The Seawolves continued to play hard and while there were plays and shots made by the Seawolves, the Warriors were the ones to walk in at halftime with a nine point lead and a score of 34-25.
“I addressed our mistakes and overcoming our obstacles. Let them know that in order for us to move forward, that we would have to take care of the ball better and execute better,” said Associate Head Coach Rich Shayewitz, “but most importantly instilled belief in them that we can do this.”
Once the players took to the court, the Seawolves began to play a much more rhythmic and organized ball game. With Khalid Johnson, Mina and Brandon Glanz starting the team off strong the Seawolves were only trailing behind by six points (39-33). It would be an edge-of-the-seat battle for the next 10 minutes.
Unfortunately, the Seawolves would begin to fall apart again, letting the Warriors take a 12-point lead (60-48) with seven minutes on the clock. Within those remaining seven minutes Zen Maki would hit a three-pointer and get fouled, converting his two free-throw shots.
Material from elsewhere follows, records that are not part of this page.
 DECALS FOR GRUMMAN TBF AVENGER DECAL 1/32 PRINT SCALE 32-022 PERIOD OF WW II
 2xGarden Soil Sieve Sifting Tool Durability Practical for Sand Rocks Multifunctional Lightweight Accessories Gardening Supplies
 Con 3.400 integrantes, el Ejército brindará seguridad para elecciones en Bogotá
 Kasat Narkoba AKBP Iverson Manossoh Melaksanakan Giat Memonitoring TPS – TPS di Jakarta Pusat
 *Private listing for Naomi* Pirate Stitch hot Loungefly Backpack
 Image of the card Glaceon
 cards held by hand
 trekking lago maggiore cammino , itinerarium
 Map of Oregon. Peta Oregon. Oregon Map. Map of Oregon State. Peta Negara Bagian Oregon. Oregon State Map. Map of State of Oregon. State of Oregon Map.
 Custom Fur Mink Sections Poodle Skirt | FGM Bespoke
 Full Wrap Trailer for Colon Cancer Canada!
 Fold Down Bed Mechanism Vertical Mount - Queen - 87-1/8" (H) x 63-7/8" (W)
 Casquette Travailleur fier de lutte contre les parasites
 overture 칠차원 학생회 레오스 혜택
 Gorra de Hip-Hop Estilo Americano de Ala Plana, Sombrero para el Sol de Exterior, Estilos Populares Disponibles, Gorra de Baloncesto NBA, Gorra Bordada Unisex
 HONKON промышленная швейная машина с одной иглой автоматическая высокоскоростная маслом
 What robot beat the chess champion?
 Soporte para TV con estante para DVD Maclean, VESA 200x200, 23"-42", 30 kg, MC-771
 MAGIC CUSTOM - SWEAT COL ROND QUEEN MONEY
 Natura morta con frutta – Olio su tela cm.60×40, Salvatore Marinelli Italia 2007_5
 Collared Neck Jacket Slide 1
Following in his footsteps, his fellow teammates Mina, Ahern and Johnson would knock down shots and convert their foul shot attempts as well to bring the score to 66-60. Yet, it would be the free-throws made by CSU Stanislaus senior Wes Bartole and Seawolf junior Ahern’s last second lay-up at the final buzzer signaling the final score of 68-62, Warriors.
“Tonight’s biggest challenge was overcoming our own mistakes,” said Shayewitz in the aftermath of Saturday night’s game.
Those mistakes were noted as “turnovers, offensive rebounds miss-assignments and poor execution,” which are key points in a game that a team cannot afford to mess up. While the Seawolves did manage to get back up on their horse and fight for what was hopefully going to be theirs it wasn’t enough to come out with a win.
“We just knew that if we wanted any shot at the playoffs this was the last time to do it. The last 20 minutes to do it,” said Davis as he gave insight into what was running through their minds coming back out onto the court after halftime.
Since the loss of Saturday night’s game, the men’s basketball team doesn’t qualify for playoffs. Instead, they will pack their bags and head for CSU Los Angeles on Friday and CSU Dominguez Hills on Saturday.